Speech Platform Architecture
Whether your interactive voice response (IVR) system is premises-based or outsourced, contemplate the consequences of ignoring its architecture. Consider the angry backlash of consumers when Web sites are unavailable or functionality is defective: Blogs blaze with condemnation of high-profile organizations’ inability to serve the public. When speech-enabled platforms (Web sites in their own right) disappoint, the same frustration occurs, but communication is usually quiet—until it hits your customer retention, revenue, or profit measures.
Given consumer backlash about touch-tone routing menus, organizations are moving toward placing a speech platform in front of their automatic call distributors (ACDs). The IVR is rapidly moving from a behind-the-switch, primarily self-service appliance to an in-front-of-the-switch, flexible gateway to callers.
Consider this outlandish analogy for perspective: You’ve convinced your CEO that to provide the best service for your customers, your organization needs to raise the salaries of its customer-facing representatives to $100,000 a year. (Speech applications don’t come cheap!) However, you have not given any thought to your telephony, so you end up buying an ACD off eBay, and your carrier is a start-up from a third-world nation. Now that your customers cannot reliably speak with your fantastic and well-paid representatives, do you think your CEO will see a problem with this picture?
Just Like the Web
If your IVR is premises-based, then consider supplementing your IVR and speech recognition vendor’s architectural design with your organization’s Web architects. Web and VoiceXML IVR architectures are extremely similar; your Web architects will easily grasp the similar concepts. Outsourcing your speech platform brings a strong team of architects who constantly receive real-time performance feedback and regularly engage with speech technology vendors for architectural improvements.
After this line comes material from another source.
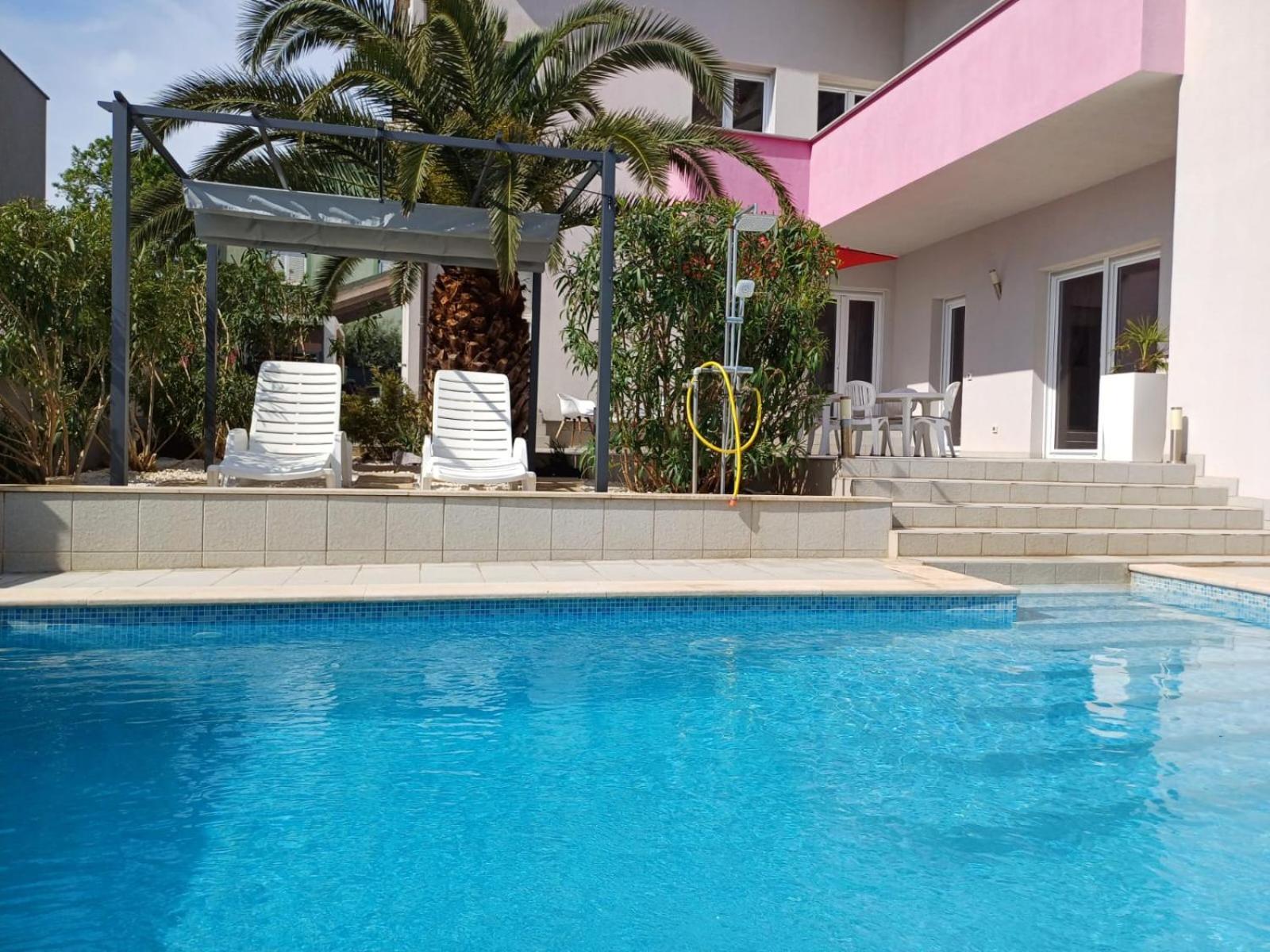 Helles Doppelzimmer Mit Bad, Terrasse Und Pool, Seperater Eingang, Liznjan, Istrien 外观 照片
The main architecture points to consider are resiliency, scaling, integration, operational efficiency, and cost.
For resiliency, design must first consider availability and survivability within a single site, and then extend the same to multiple sites. Usually a load-balanced design across multiple sites is best, but if your sites are extremely hardened, a primary/backup configuration could be a reasonable design. Nevertheless, understand that with primary/backup, a site outage can cause you to shut off inbound calls for a minimum of five minutes and up to 30 minutes based on your voice carrier management situation.
Design for scaling should consider future growth as well as spikes for seasonality or out-of-norm operations. You should consider the ability to add platform components when required, as well as ensuring that your initial design addresses performance by including load balancing across Web application servers and content caching by external caching devices.
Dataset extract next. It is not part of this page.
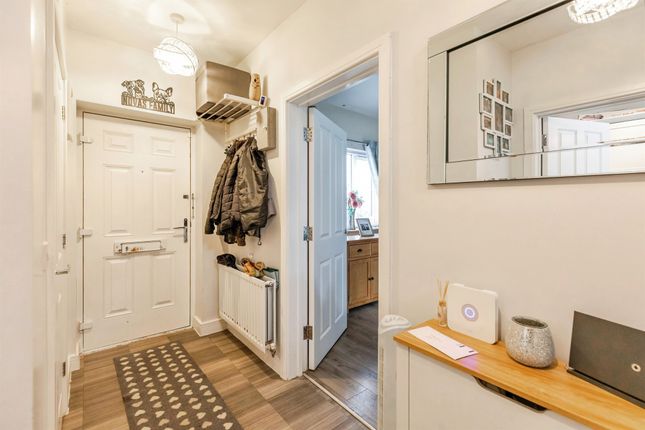 24, Holdenby Drive, Raunds photo 2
The platform should be capable of integrating with other customer support elements of computer-telephony integration, ACD, and agent-side applications to enhance data integrity. Moreover, your platform should certainly support current VoiceXML standards (currently version 2.1). Vendors are still selling hybrid solutions, and it is not always clear whose platform is truly standards-compliant. Hopefully you’ve already enabled your back-office applications for access via the Web. If not, then your IVR project timetable should include the amount of work needed to provide Web-enabled services to integrate to your speech applications.
Operational efficiency refers to both the cost and time required to maintain your platform and the applications residing on it. The design should provide flexibility to make changes without affecting caller experience and without requiring an army of staff to carry out the changes.
Moreover, a good design should be able to address the previous four points in a cost-effective manner.
A good investment in speech platform architecture will present a tremendous return on investment while providing the means to protect your organization’s reputation through the reliable delivery of well-designed speech applications.
Kevin Brown is an architect at EDS, an HP company, where he specializes in speech platform design. He has more than 15 years of experience in designing and delivering speech-enabled solutions. He can be reached at firstname.lastname@example.org.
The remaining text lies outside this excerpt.